[Records from a data source]
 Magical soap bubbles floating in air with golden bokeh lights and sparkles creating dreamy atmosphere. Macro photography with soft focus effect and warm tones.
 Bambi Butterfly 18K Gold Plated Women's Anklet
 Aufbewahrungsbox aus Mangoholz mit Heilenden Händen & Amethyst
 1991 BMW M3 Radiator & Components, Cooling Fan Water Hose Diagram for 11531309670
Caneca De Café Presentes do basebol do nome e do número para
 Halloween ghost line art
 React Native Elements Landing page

==

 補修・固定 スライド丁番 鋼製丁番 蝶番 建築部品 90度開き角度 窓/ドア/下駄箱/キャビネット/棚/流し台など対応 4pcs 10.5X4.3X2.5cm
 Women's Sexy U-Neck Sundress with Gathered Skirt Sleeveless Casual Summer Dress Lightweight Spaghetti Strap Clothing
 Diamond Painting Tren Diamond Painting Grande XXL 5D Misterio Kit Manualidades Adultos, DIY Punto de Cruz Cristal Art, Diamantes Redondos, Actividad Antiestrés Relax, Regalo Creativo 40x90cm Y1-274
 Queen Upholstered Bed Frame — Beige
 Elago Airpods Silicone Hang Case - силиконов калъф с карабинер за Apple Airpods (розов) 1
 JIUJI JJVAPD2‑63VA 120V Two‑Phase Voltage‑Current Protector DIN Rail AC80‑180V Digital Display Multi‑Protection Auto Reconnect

*Try it*. Out of the data above, give again only the lines starting at the one holding "Magical soap bubbles" and ending at the one holding "Aufbewahrungsbox aus Mangoholz", unchanged.

*Solution for this exercise*.
 Magical soap bubbles floating in air with golden bokeh lights and sparkles creating dreamy atmosphere. Macro photography with soft focus effect and warm tones.
 Bambi Butterfly 18K Gold Plated Women's Anklet
 Aufbewahrungsbox aus Mangoholz mit Heilenden Händen & Amethyst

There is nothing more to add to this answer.